Below are some records. Output the lines from the first one through the line that holds "110 Westgrove Drive, Ellenbrook WA 6069", exactly as written, with no pictures.

[Items from a data source]
________________________________________

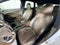 2017 Lincoln MKC Reserve w/ VENTILATED SEATS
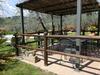 Agroturismo Agriturismo Il Viaio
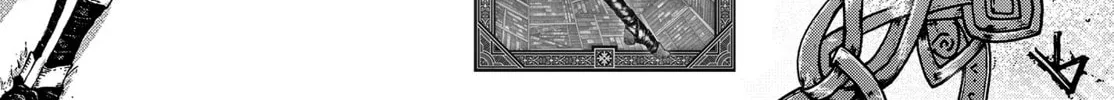Dark Arts Master Chapter 7 page 4 - 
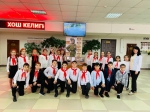 День Героев Отечества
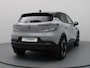 Renault Captur 1.8 E-Tech full hybrid techno 160pk Harman Kardon | 360° Camera | Adapt. Cruise | Stoel-/stuurverw. | Panoramadak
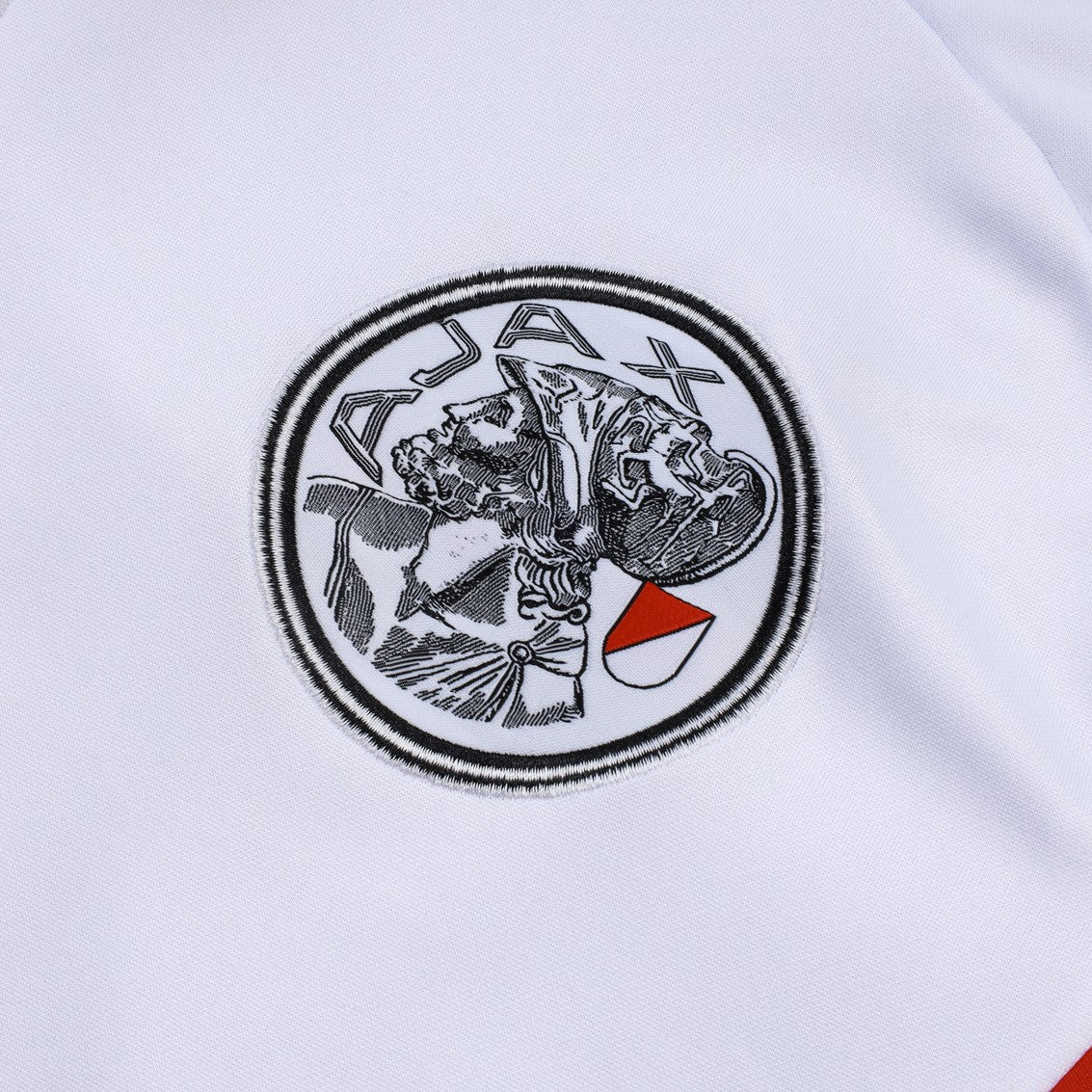 Ajax Tracksuit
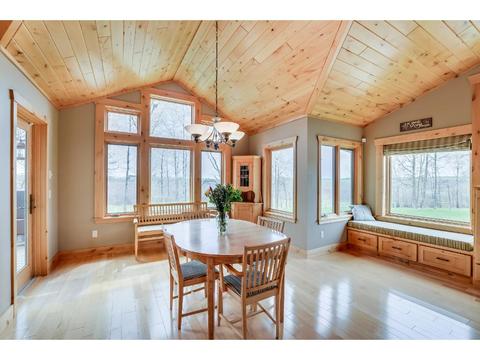 6133 50th Ave, Brainerd, MN 56401 photo 9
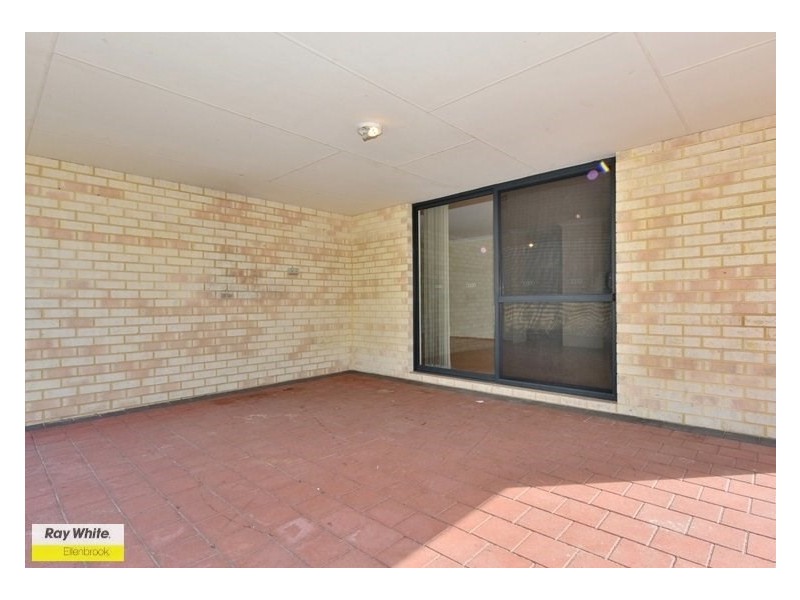 110 Westgrove Drive, Ellenbrook WA 6069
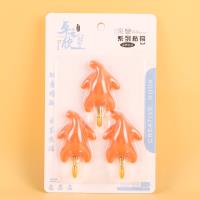 ZYX5636粘钩 3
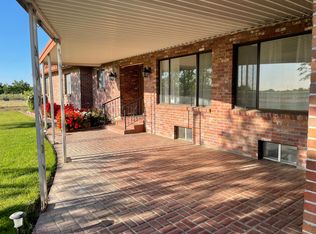 10939 N Leach Rd, Lodi, CA 95240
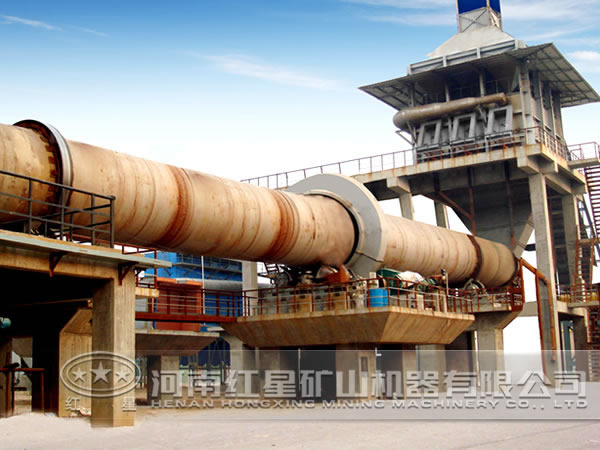 陶?；剞D(zhuǎn)窯型號(hào)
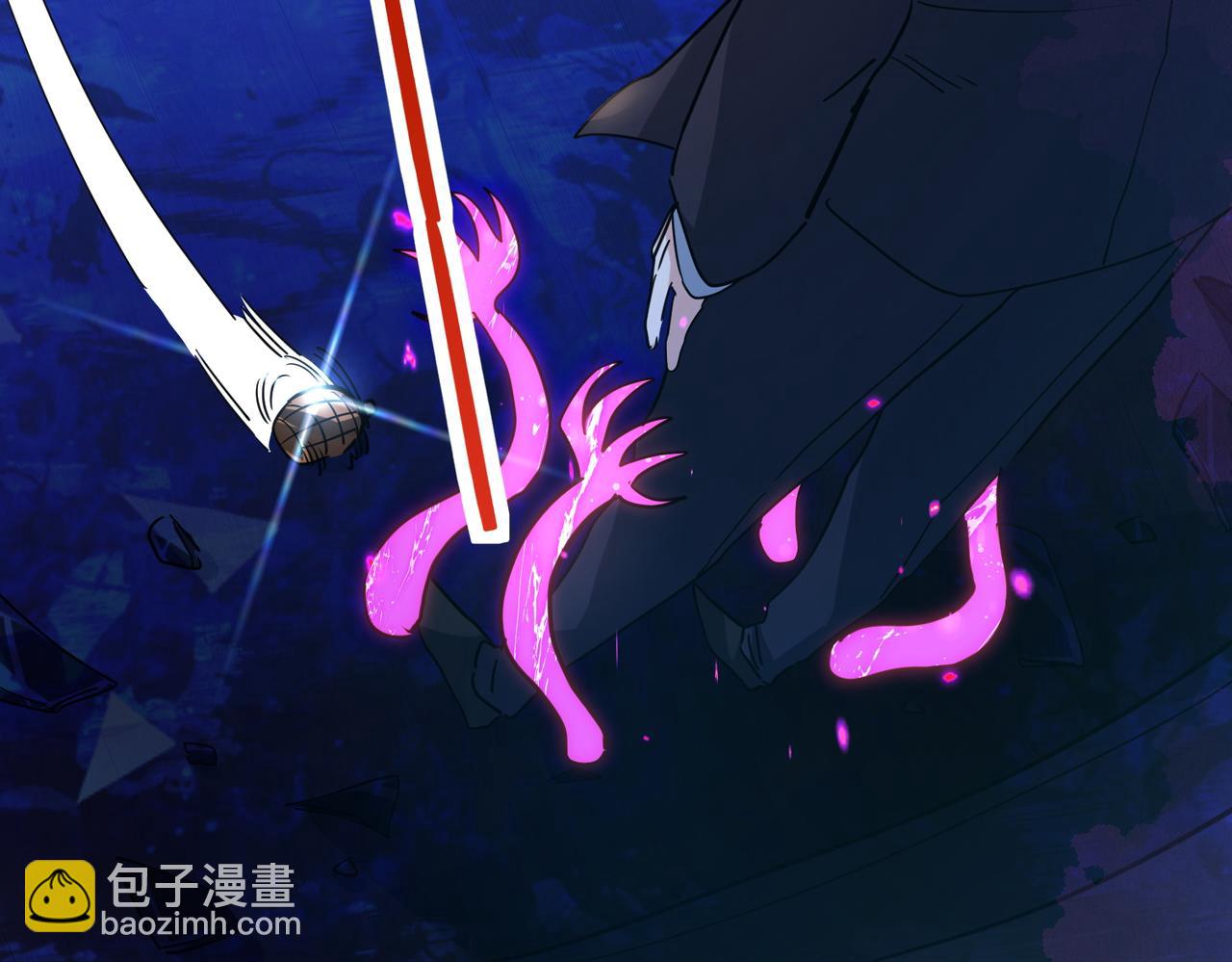 第48话 战争武器182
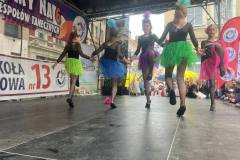 495692091_1029593412593041_7037725740454881340_n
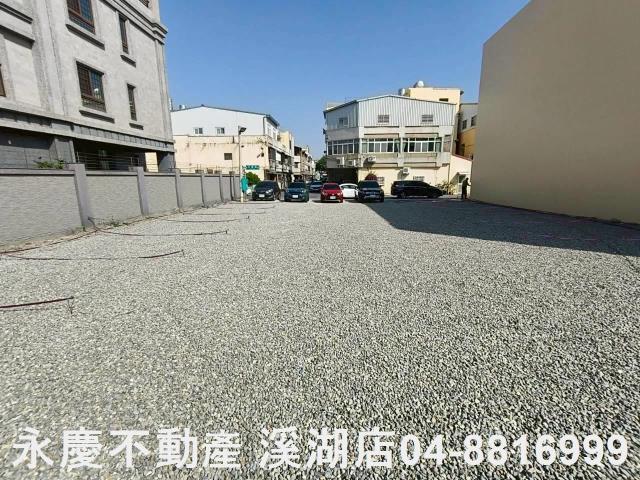 彰化溪湖工業地-0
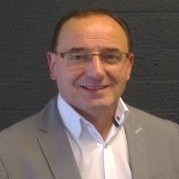 Koos Goertz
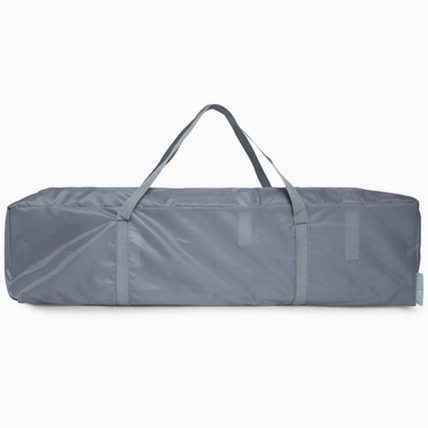 Avis Lit Parapluie Stories 0m+ TUC TUC 2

________________________________________

▶ _EXPECTED ANSWER_
 2017 Lincoln MKC Reserve w/ VENTILATED SEATS
 Agroturismo Agriturismo Il Viaio
Dark Arts Master Chapter 7 page 4 - 
 День Героев Отечества
 Renault Captur 1.8 E-Tech full hybrid techno 160pk Harman Kardon | 360° Camera | Adapt. Cruise | Stoel-/stuurverw. | Panoramadak
 Ajax Tracksuit
 6133 50th Ave, Brainerd, MN 56401 photo 9
 110 Westgrove Drive, Ellenbrook WA 6069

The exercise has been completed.